Return to the mysterious land of RHEM with a sequel written in the same spirit as the original. Like its predecessor, RHEM 2 is chock full of extremely challenging puzzles and is entertaining to experience as well.
In the original (which we reviewed here), after entering the land of RHEM by train and solving the presented puzzles, you deliver a letter – which was the final goal – written by Kales to his brother Zetais (imagine going through elementary school with a name like ‘Zetais.’) RHEM 2 literally takes place right after you made the delivery – it doesn’t even look like you left his porch before he opens his door again, gives you the first piece of a key that you will need, and sends you on your way. Then you start your train ride from what appears to be the surface section that you had explored in the original RHEM into a tunnel.

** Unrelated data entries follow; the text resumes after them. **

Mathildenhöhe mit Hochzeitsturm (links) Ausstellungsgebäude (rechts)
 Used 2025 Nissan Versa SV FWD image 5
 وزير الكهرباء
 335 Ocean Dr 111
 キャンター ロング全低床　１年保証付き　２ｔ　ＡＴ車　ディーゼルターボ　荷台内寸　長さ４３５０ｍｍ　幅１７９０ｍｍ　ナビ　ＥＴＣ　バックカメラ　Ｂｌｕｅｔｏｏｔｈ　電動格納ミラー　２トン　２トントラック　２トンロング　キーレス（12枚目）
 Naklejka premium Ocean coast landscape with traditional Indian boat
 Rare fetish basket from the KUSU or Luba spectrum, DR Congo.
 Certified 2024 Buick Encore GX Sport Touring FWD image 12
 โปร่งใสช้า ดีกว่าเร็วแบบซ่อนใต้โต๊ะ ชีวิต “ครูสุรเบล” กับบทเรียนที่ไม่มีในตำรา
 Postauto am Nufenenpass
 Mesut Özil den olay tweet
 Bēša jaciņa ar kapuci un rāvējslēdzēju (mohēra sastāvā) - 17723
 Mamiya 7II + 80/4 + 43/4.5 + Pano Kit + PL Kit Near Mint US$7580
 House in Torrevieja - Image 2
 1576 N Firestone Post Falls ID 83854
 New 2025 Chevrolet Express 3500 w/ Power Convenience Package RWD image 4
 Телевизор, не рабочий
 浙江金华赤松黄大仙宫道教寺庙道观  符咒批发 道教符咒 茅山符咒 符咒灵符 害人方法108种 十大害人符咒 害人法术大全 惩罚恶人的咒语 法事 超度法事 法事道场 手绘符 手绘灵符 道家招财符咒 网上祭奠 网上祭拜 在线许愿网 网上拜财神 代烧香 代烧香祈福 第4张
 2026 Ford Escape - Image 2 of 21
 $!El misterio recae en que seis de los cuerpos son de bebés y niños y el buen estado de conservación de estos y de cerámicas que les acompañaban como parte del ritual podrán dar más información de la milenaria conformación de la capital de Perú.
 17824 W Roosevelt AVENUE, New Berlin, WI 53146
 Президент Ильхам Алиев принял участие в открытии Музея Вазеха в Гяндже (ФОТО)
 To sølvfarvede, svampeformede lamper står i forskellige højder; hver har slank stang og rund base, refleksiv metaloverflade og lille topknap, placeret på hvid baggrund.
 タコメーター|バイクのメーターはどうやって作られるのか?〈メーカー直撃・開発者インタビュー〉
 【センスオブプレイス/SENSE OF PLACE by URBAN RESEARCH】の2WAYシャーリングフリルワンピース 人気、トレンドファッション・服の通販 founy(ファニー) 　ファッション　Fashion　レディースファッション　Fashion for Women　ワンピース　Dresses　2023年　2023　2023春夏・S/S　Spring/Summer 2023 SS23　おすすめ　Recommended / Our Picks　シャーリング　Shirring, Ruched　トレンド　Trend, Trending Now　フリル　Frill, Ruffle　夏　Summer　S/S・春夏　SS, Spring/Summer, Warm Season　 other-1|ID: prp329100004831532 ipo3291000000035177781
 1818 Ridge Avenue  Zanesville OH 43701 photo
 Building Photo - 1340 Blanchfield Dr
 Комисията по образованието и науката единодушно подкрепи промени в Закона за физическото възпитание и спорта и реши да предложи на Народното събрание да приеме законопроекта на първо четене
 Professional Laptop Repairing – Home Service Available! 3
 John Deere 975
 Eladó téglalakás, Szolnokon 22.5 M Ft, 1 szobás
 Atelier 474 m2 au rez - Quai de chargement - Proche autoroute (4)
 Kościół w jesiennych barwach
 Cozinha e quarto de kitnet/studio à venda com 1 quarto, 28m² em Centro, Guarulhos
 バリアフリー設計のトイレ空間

After some twists and turns you come into a cavern, are lowered by a lift, and eventually come to a stop.
Getting out, you see that the train will need to be lifted again before it can go on. Climbing into a nearby building, one of the first things you see is a video screen. Pressing the button (because, what adventurous puzzle solver _doesn’t_ press every button?) reveals a message from Kales who says he has left, but as he was unable to obtain the third piece of the key and after that a carved disk which he feels is important, he hid the second part that he did find, and then just moved on leaving good ol’ you to solve things for him.
Unfortunately, you can’t leave until you lift the rail car, and you can’t lift the rail car without getting a picture of the disk, because your buddy Kales rigged it that way (he’s like that). He also didn’t make it easy for you to find the second piece, so you will have to get to work.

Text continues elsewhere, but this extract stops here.